# [Goal of the exercise]
Could you repeat exactly the lines below, from the line containing "GI Margriet Zwart/zand" through the last one, both included, while leaving out any pictures?

Supplied material START

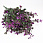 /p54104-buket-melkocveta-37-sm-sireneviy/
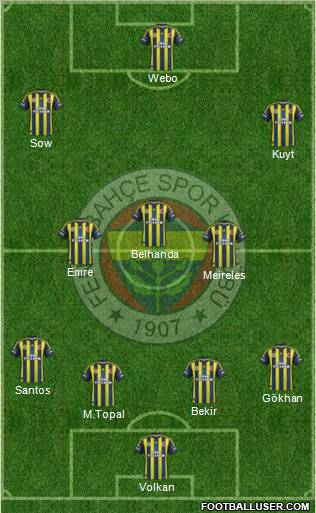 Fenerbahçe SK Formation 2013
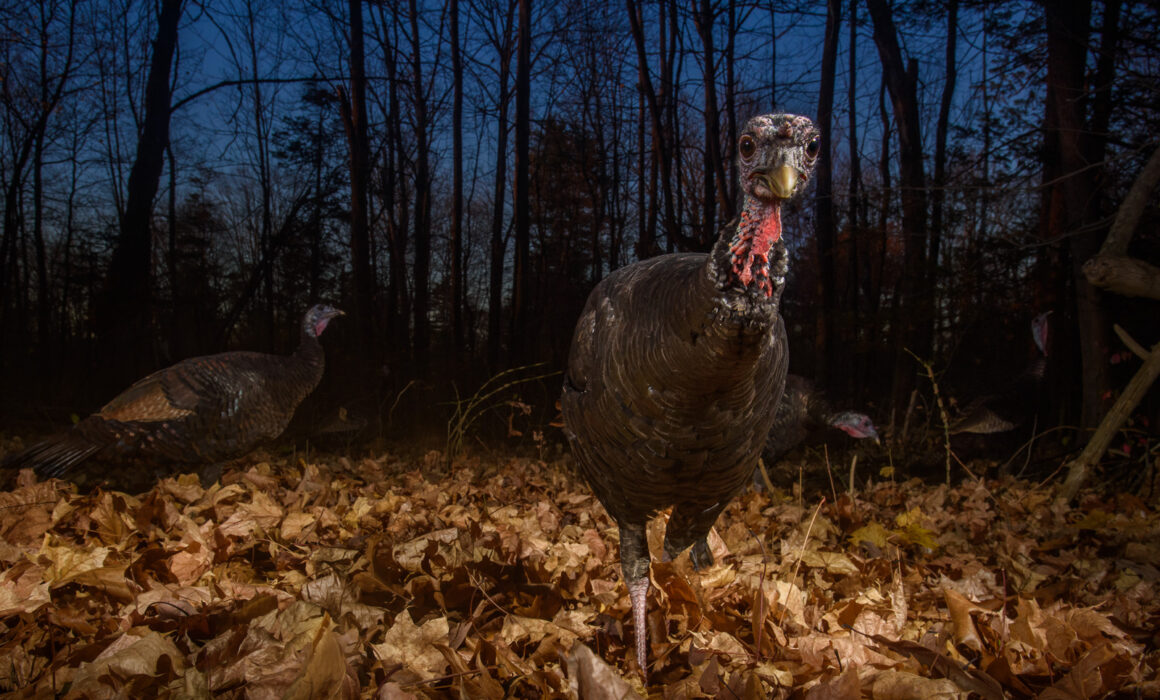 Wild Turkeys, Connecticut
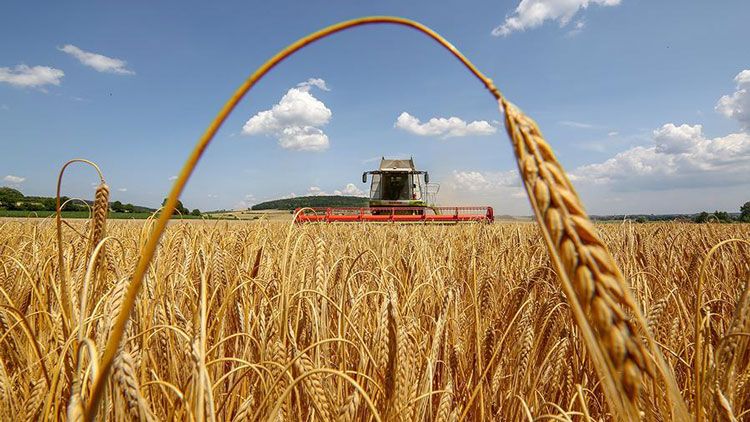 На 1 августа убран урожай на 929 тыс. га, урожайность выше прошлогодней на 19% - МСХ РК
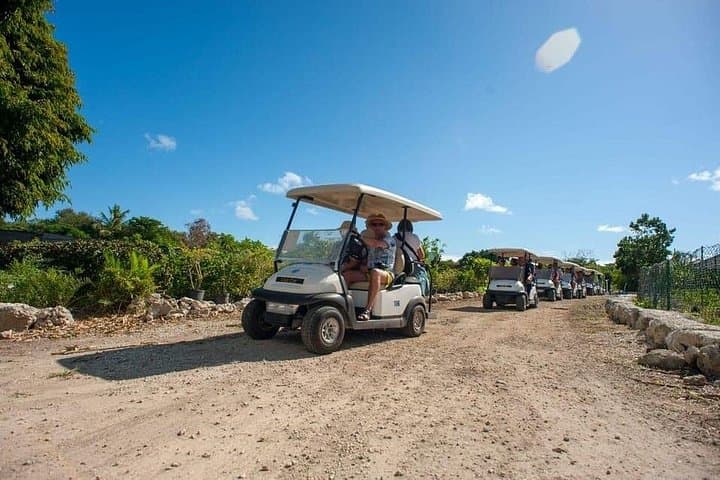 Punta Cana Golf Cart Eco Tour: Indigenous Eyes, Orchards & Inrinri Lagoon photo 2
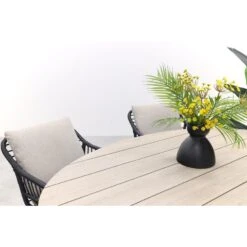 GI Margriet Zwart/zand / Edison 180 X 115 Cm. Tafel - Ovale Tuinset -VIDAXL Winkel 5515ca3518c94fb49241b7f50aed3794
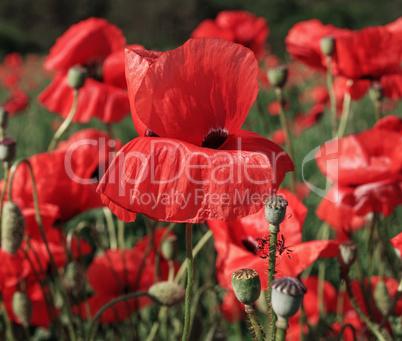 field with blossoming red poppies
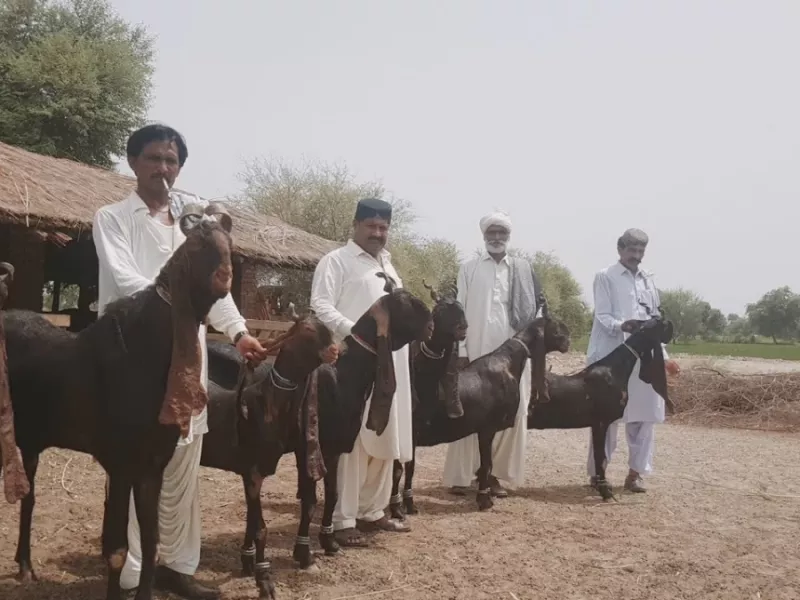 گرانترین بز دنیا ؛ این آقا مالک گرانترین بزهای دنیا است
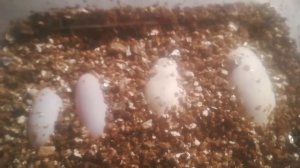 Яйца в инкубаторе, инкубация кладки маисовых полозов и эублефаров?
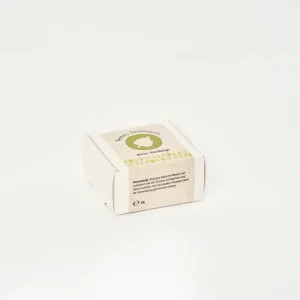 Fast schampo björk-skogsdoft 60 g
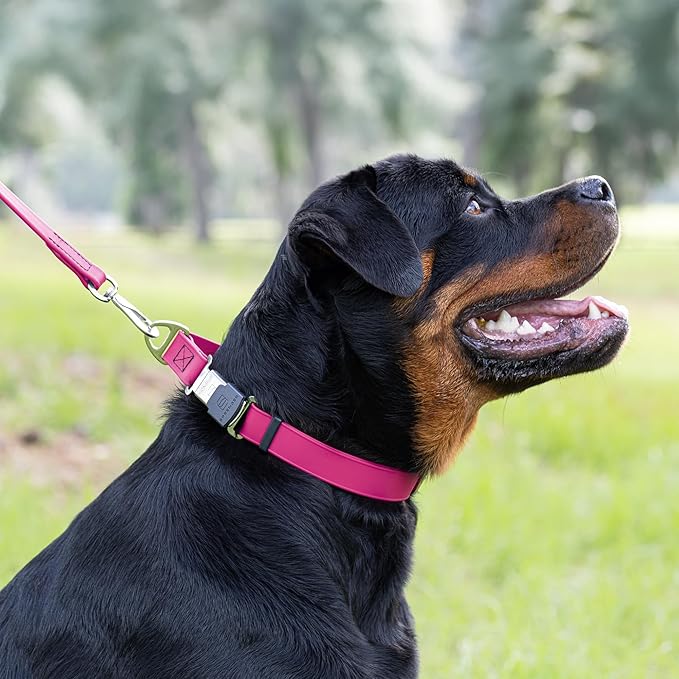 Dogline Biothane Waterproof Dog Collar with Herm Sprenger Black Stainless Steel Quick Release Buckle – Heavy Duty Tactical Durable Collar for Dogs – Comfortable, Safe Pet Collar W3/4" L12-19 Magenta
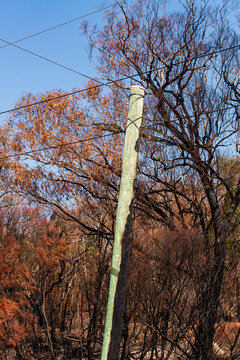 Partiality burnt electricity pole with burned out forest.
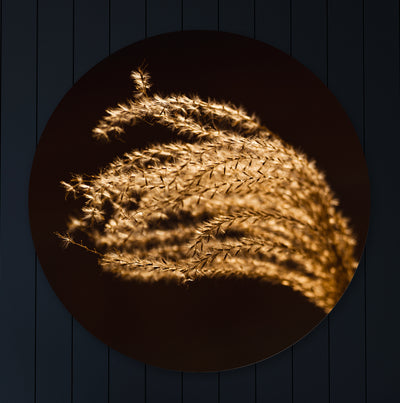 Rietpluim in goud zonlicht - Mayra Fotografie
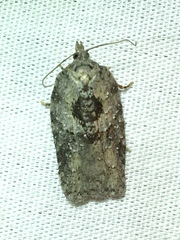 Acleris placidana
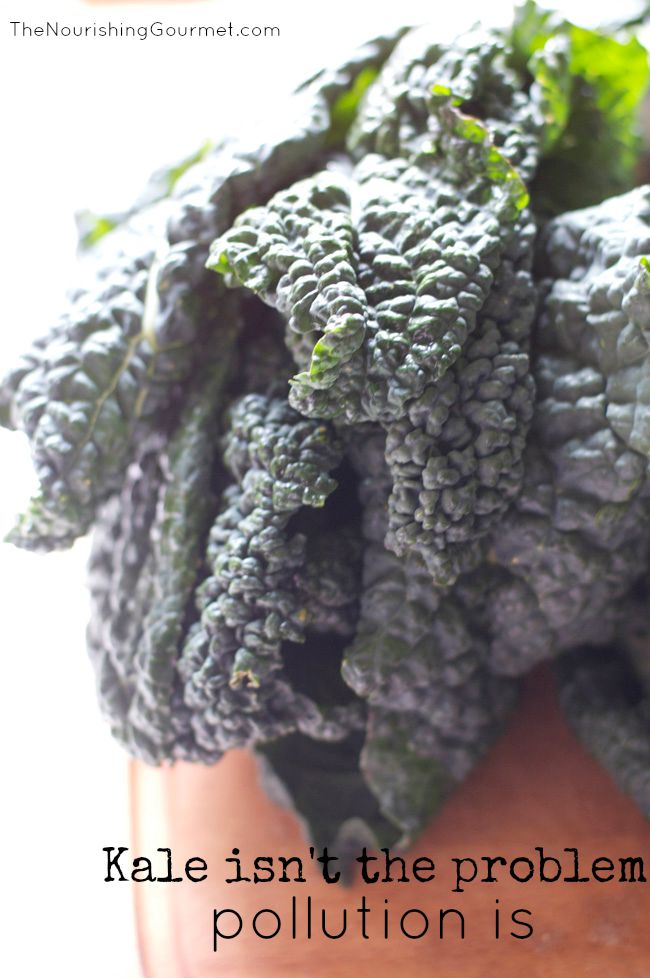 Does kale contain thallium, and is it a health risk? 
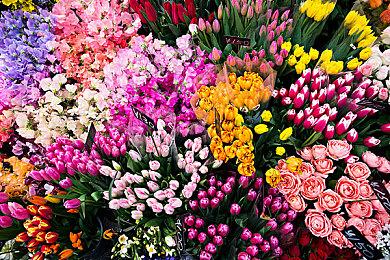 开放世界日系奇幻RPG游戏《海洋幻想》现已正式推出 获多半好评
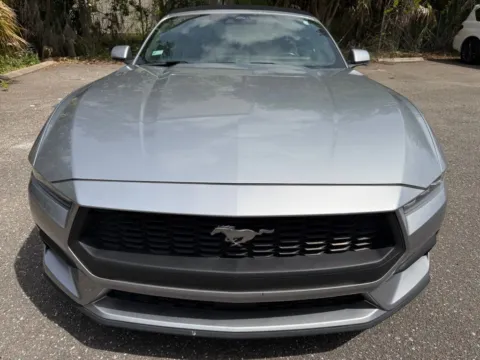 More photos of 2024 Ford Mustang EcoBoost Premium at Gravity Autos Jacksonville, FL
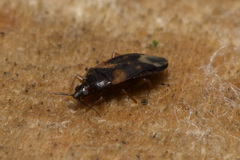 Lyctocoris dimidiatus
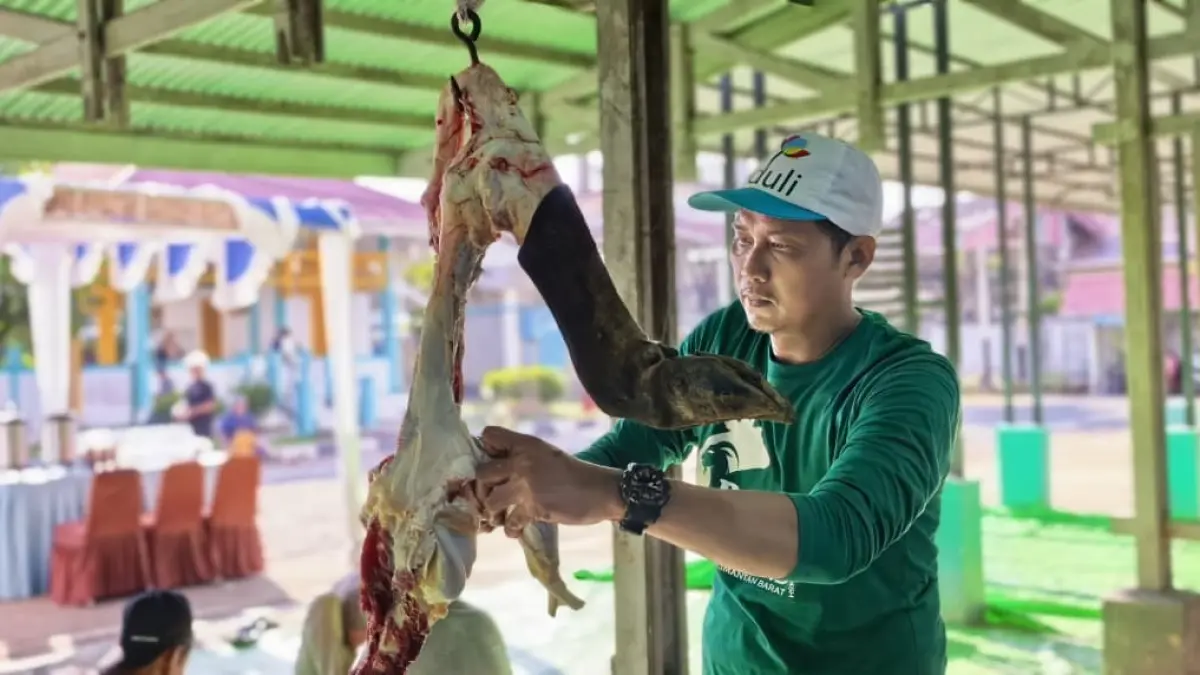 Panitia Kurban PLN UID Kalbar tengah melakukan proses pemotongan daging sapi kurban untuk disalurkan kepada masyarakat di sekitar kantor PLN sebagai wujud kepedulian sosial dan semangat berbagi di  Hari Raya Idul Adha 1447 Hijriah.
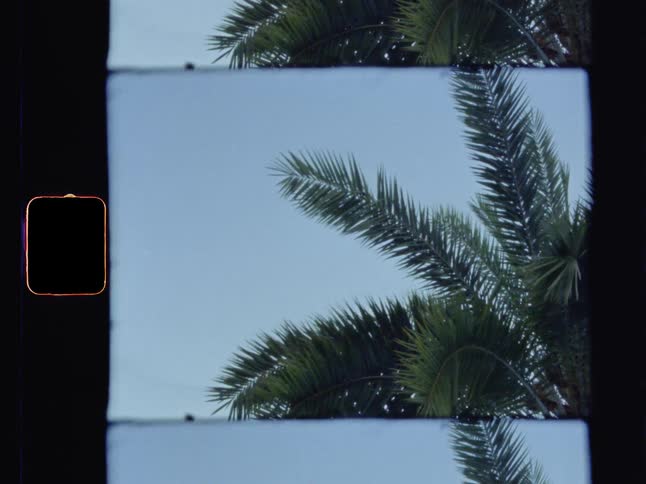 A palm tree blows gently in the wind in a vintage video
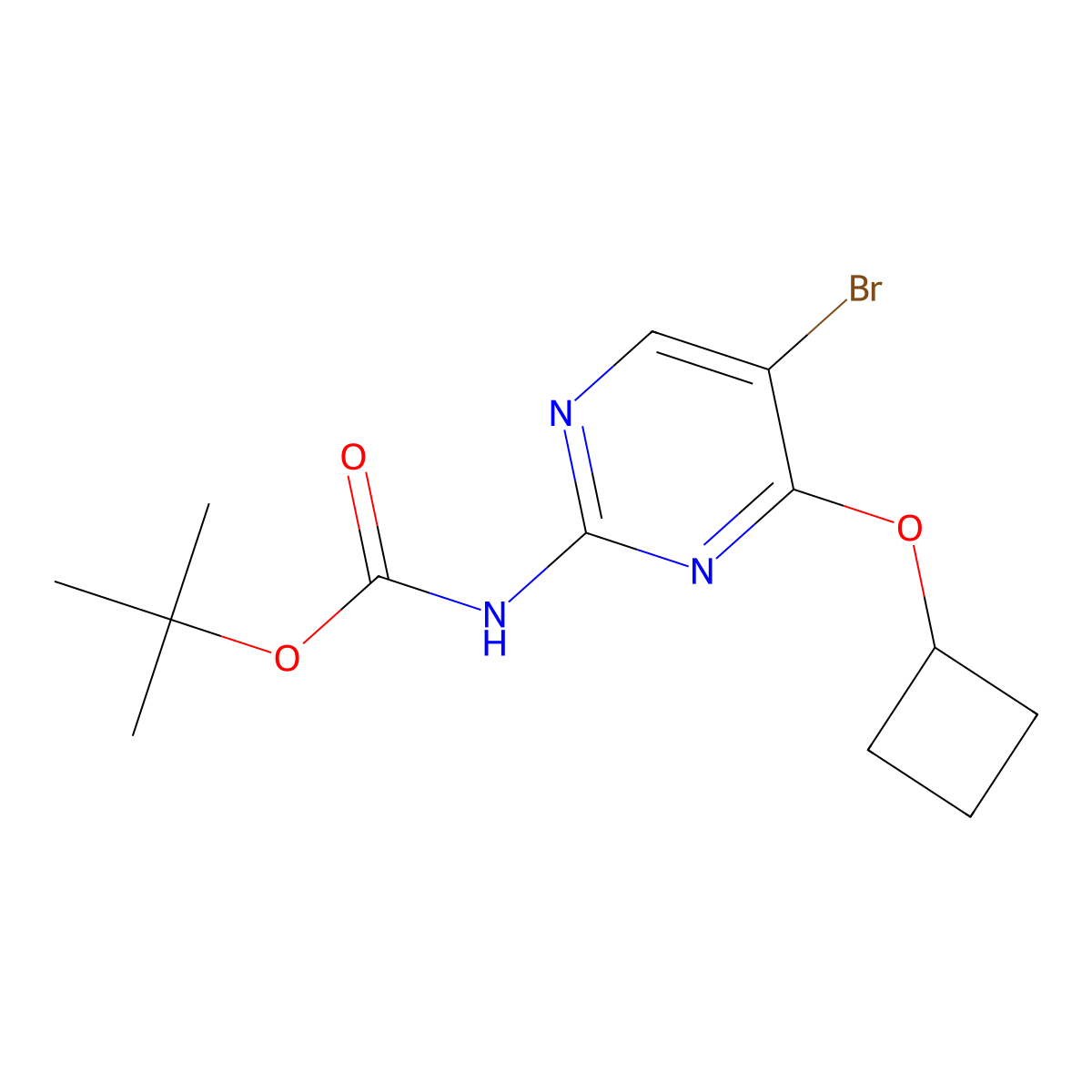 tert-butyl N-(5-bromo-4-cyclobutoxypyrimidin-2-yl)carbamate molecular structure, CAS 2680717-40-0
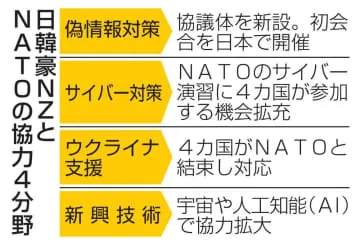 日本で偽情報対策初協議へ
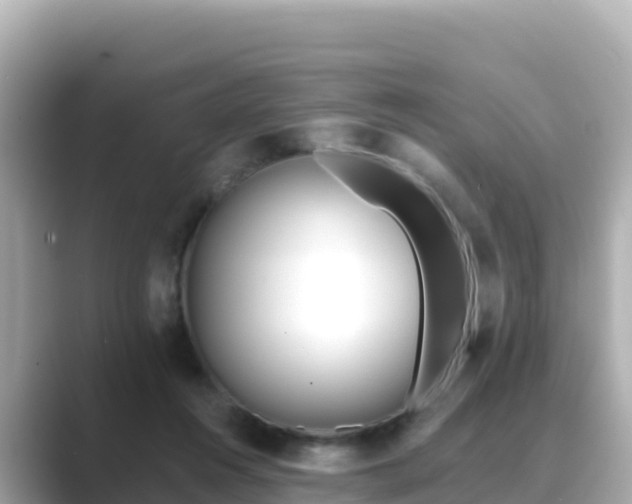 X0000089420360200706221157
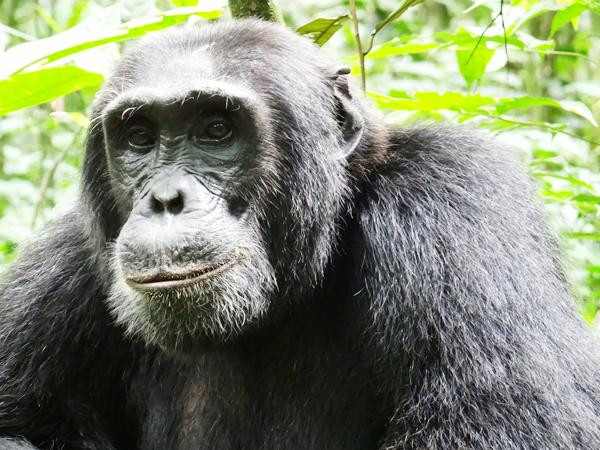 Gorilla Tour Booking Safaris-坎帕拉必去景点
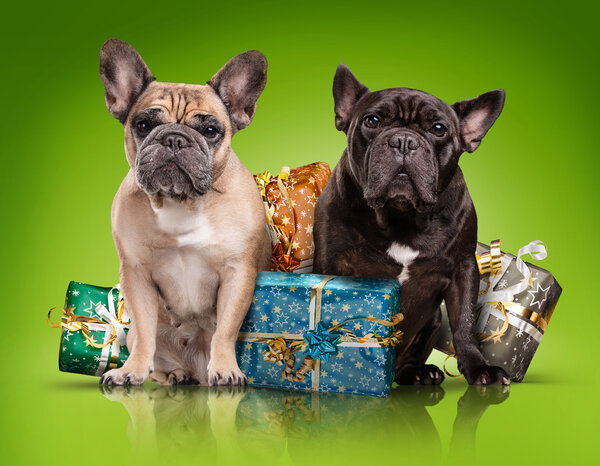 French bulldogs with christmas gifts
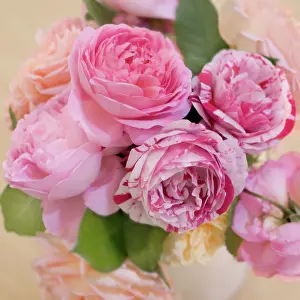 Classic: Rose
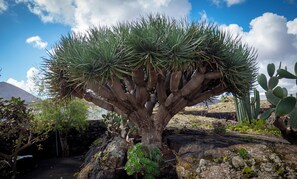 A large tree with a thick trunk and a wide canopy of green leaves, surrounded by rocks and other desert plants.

Supplied material END

# [Reply]
 GI Margriet Zwart/zand / Edison 180 X 115 Cm. Tafel - Ovale Tuinset -VIDAXL Winkel 5515ca3518c94fb49241b7f50aed3794
 field with blossoming red poppies
 گرانترین بز دنیا ؛ این آقا مالک گرانترین بزهای دنیا است
 Яйца в инкубаторе, инкубация кладки маисовых полозов и эублефаров?
 Fast schampo björk-skogsdoft 60 g
 Dogline Biothane Waterproof Dog Collar with Herm Sprenger Black Stainless Steel Quick Release Buckle – Heavy Duty Tactical Durable Collar for Dogs – Comfortable, Safe Pet Collar W3/4" L12-19 Magenta
 Partiality burnt electricity pole with burned out forest.
 Rietpluim in goud zonlicht - Mayra Fotografie
 Acleris placidana
 Does kale contain thallium, and is it a health risk? 
 开放世界日系奇幻RPG游戏《海洋幻想》现已正式推出 获多半好评
 More photos of 2024 Ford Mustang EcoBoost Premium at Gravity Autos Jacksonville, FL
 Lyctocoris dimidiatus
 Panitia Kurban PLN UID Kalbar tengah melakukan proses pemotongan daging sapi kurban untuk disalurkan kepada masyarakat di sekitar kantor PLN sebagai wujud kepedulian sosial dan semangat berbagi di  Hari Raya Idul Adha 1447 Hijriah.
 A palm tree blows gently in the wind in a vintage video
 tert-butyl N-(5-bromo-4-cyclobutoxypyrimidin-2-yl)carbamate molecular structure, CAS 2680717-40-0
 日本で偽情報対策初協議へ
 X0000089420360200706221157
 Gorilla Tour Booking Safaris-坎帕拉必去景点
 French bulldogs with christmas gifts
 Classic: Rose
 A large tree with a thick trunk and a wide canopy of green leaves, surrounded by rocks and other desert plants.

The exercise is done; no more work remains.